Licola is a locality in Victoria, Australia, located on Licola Road, in the Shire of Wellington, 254 kilometres east of Melbourne. At the 2021 census, Licola had no people or a very low population. Recent reports of ongoing sales suggest a population of five inhabitants.

==Overview==
The Lions Clubs of Victoria and Southern NSW owns a large section of land in Licola and operates a youth camp on site, the Licola Wilderness Village, which is immediately surrounded by farm land. The town is the southern gateway to the Alpine National Park. Its main industries are tourism, logging and farming. It has one general store including post office and petrol station and a small number of houses.
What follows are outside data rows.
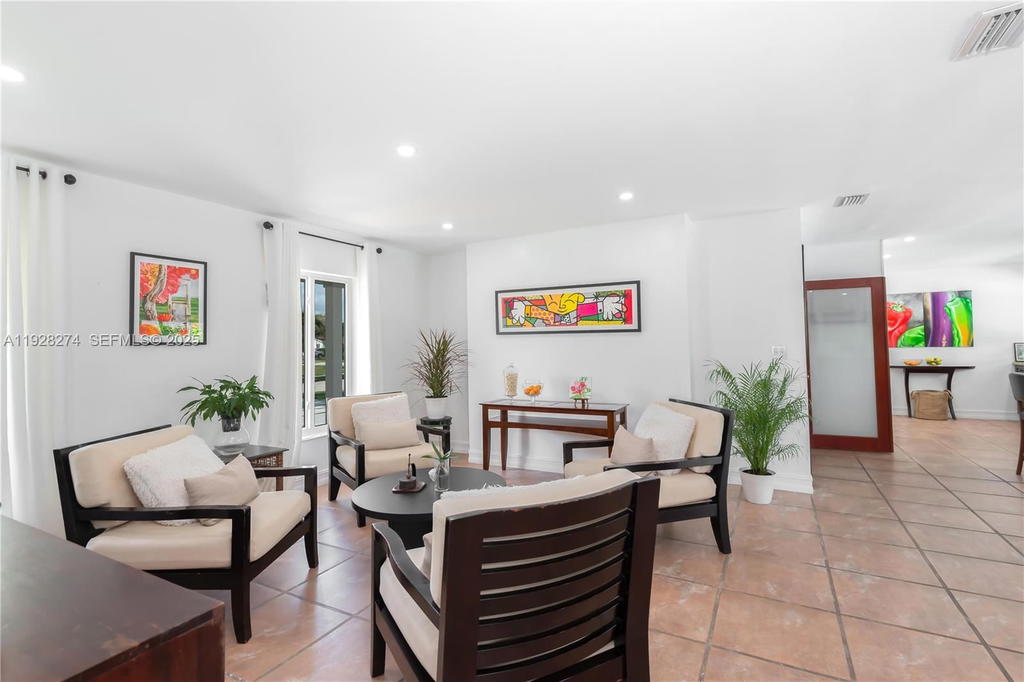 Real estate property located at 10511 122nd Ct, Miami-dade, Devon Aire Estates Sec 1, Miami, FL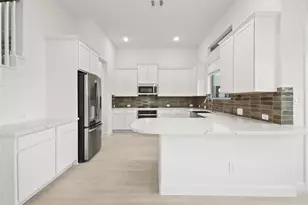 124 Peninsula Pt Dr, Montgomery, TX 77356 - Photo 8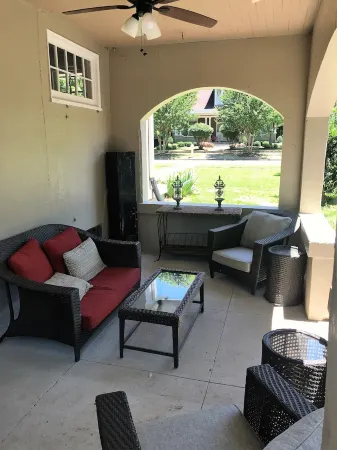 The Young House Very Close To Downtown Murfreesboro  35 minutes from Nashville! Отели рядом с достопримечательностью «The Ascent»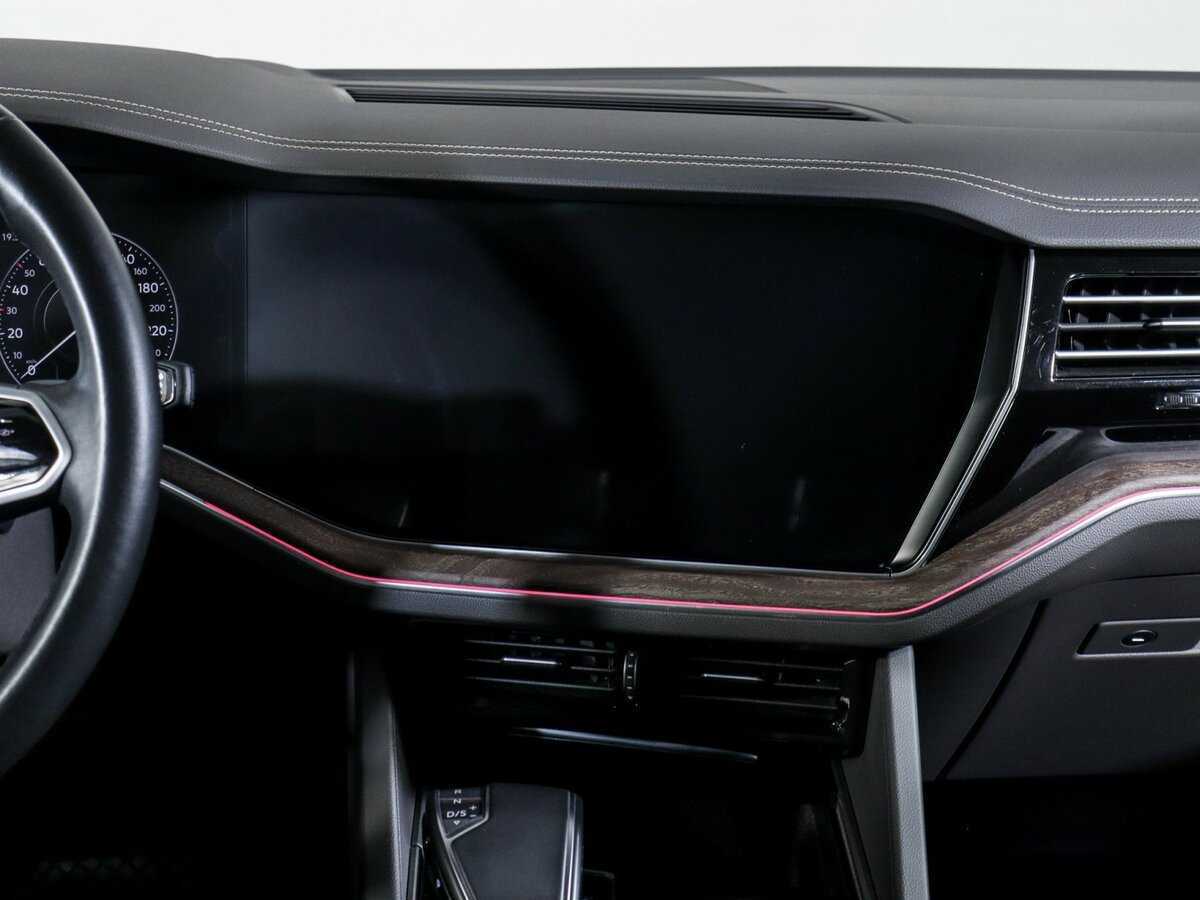 Volkswagen Touareg, 2020 Фото №10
It is also the only Victorian town not connected to the mains electricity grid, generating its own power. The town is frequented by motorbike riders, campers and hikers alike.

==History==
The first Licola Post Office opened on 14 September 1908 and was renamed Glenfalloch in 1912. A Licola Post Office was again open 1914–1919, 1920–1923 and 1954–1993.

In July 2007, Licola suffered serious floods which caused a great deal of damage to roads, farms and national park areas. The main road from Heyfield was closed for two months following the destruction of the heritage-listed Cheynes Bridge, which was subsequently rebuilt.

According to media reports, the village is up for sale in 2026 for about 10 million Australian dollars.